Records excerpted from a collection
>>>>
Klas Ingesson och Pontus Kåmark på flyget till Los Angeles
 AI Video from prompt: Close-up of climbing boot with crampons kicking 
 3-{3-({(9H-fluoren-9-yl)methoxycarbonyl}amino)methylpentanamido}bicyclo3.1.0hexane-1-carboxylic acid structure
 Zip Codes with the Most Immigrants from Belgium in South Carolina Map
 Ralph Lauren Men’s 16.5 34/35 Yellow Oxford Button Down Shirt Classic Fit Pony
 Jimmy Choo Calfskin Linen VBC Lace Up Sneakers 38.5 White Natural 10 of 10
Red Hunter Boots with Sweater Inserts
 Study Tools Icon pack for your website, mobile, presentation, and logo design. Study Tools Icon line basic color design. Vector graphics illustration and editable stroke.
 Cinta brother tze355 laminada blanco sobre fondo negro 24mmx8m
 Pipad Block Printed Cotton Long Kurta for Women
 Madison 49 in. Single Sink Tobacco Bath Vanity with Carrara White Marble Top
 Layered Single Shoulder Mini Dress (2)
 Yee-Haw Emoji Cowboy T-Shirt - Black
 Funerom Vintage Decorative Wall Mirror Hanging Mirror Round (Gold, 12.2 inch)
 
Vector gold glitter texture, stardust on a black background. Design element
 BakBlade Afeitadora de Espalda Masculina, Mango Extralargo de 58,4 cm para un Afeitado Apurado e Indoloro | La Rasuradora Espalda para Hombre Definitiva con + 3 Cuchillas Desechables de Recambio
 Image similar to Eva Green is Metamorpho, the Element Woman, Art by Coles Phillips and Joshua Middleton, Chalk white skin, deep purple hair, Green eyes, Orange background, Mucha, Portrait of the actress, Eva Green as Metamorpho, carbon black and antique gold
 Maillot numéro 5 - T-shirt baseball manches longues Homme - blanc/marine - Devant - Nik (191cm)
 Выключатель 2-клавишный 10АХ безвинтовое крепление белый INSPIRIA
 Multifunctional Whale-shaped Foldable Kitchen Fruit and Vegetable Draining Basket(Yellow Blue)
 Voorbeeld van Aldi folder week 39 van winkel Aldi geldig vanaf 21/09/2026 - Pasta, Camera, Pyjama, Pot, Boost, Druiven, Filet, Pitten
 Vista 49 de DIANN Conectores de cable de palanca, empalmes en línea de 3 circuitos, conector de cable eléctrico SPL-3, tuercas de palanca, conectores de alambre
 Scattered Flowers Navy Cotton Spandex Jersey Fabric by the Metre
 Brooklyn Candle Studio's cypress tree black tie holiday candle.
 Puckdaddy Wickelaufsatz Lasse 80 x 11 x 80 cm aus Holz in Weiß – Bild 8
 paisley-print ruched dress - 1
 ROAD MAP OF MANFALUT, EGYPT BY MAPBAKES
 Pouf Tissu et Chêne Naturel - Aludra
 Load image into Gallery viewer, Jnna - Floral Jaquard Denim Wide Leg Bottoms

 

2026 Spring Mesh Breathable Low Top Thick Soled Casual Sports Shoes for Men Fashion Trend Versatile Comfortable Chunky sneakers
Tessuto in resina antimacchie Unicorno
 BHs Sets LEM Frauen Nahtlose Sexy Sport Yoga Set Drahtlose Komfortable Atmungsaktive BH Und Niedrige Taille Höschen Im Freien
<<<<
# ABOUT THIS TASK:
The lines above starting at the one that contains "Scattered Flowers Navy" and ending at the one that contains "Load image into" must be transcribed exactly, and no other lines may appear.

# ANSWER SPACE:
 Scattered Flowers Navy Cotton Spandex Jersey Fabric by the Metre
 Brooklyn Candle Studio's cypress tree black tie holiday candle.
 Puckdaddy Wickelaufsatz Lasse 80 x 11 x 80 cm aus Holz in Weiß – Bild 8
 paisley-print ruched dress - 1
 ROAD MAP OF MANFALUT, EGYPT BY MAPBAKES
 Pouf Tissu et Chêne Naturel - Aludra
 Load image into Gallery viewer, Jnna - Floral Jaquard Denim Wide Leg Bottoms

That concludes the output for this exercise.